Task =>
In the listing below, find the line with "Plan du 66 Rue Aristide Briand à Gagny" and the line with "Watching movie with", then return them and every line between them exactly, minus the pictures.

Data for review =>
- Opening Delimiter -

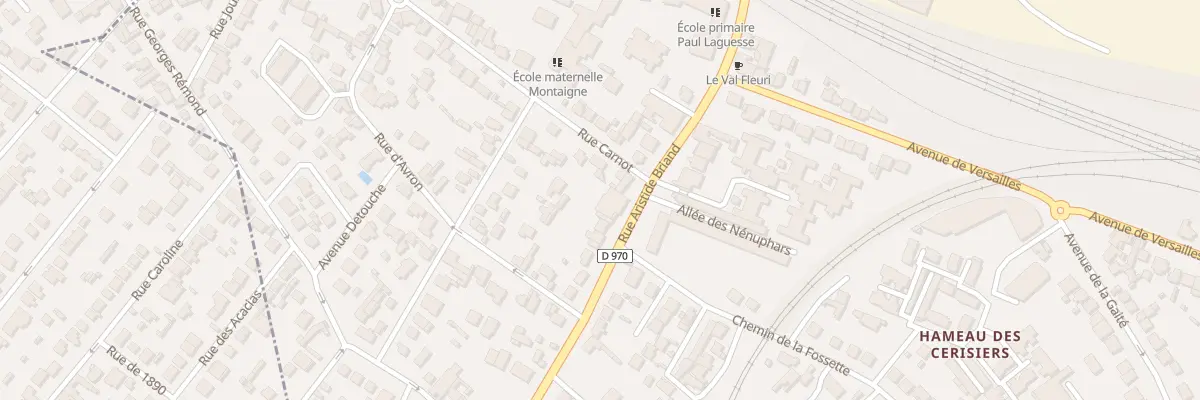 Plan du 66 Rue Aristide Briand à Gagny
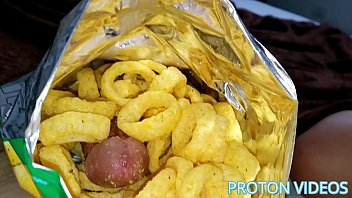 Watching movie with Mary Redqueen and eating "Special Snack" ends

- Closing Delimiter -
- Opening Delimiter -

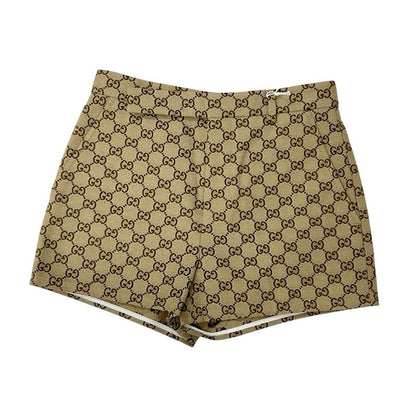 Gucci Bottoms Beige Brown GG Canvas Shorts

- Closing Delimiter -

Reply =>
 Plan du 66 Rue Aristide Briand à Gagny
 Watching movie with Mary Redqueen and eating "Special Snack" ends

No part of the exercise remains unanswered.